Dietro ogni divisa c'è un uomo che rischia
Caro Direttore Feltri, a Milano è morto un agente della Polizia Locale, Francesco Imprezzabile, mentre inseguiva un'auto che non si era fermata all'alt. Aveva 35 anni e stava semplicemente facendo il suo lavoro. Mi domando una cosa: perché quando durante un inseguimento muore un criminale assistiamo a proteste, polemiche, accuse alle forze dell'ordine e processi mediatici, mentre quando a perdere la vita è un poliziotto sembra che tutto venga archiviato come un inevitabile rischio del mestiere? Non le pare che esista un evidente doppio standard?

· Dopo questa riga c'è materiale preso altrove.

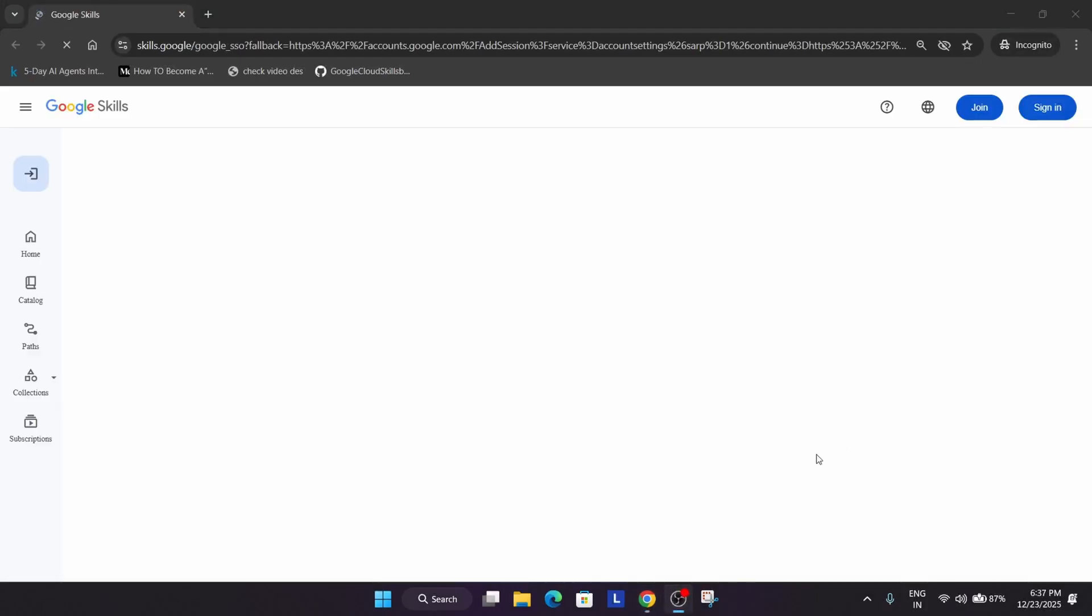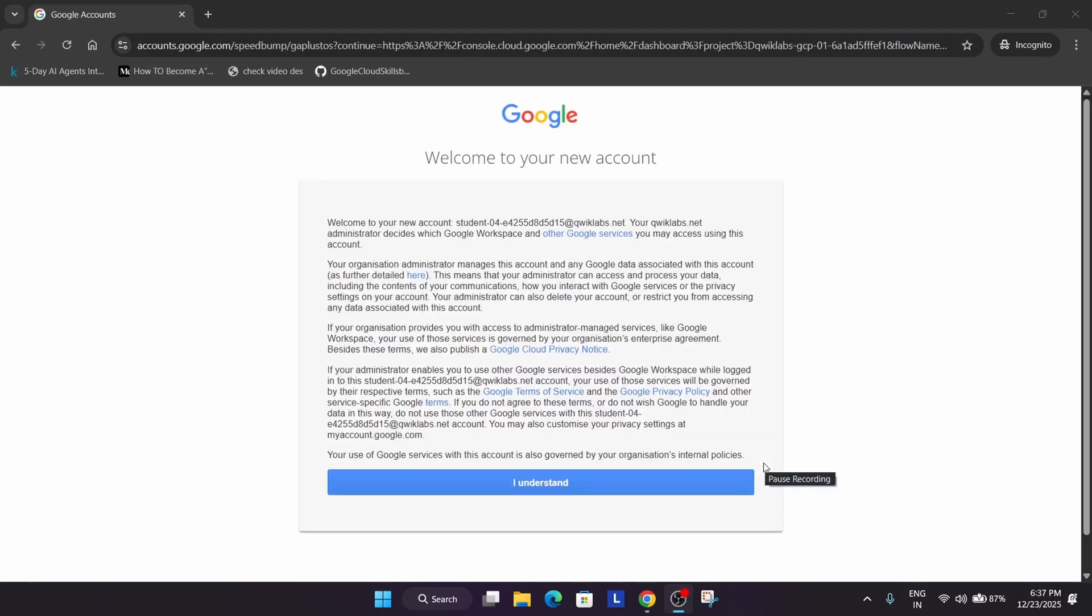Wait for it to get completed. You'll see a popup where you need to click 'I understand' and then 'agree and continue'. After that, we'll be activating the cloud shell.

Caro Paolo,non solo mi pare che esista un doppio standard. Mi pare che esso sia diventato la cifra morale del nostro tempo. Un tempo si stava dalla parte delle guardie e contro i ladri. Oggi, troppo spesso, si sta contro le guardie e si cercano attenuanti per i ladri.
Francesco Imprezzabile aveva 39 anni. Non stava rapinando una banca. Non stava rubando un'auto. Non stava spacciando droga. Non stava fuggendo da un controllo. Stava facendo il suo lavoro. Stava cercando di fermare chi aveva deciso di non fermarsi all'alt........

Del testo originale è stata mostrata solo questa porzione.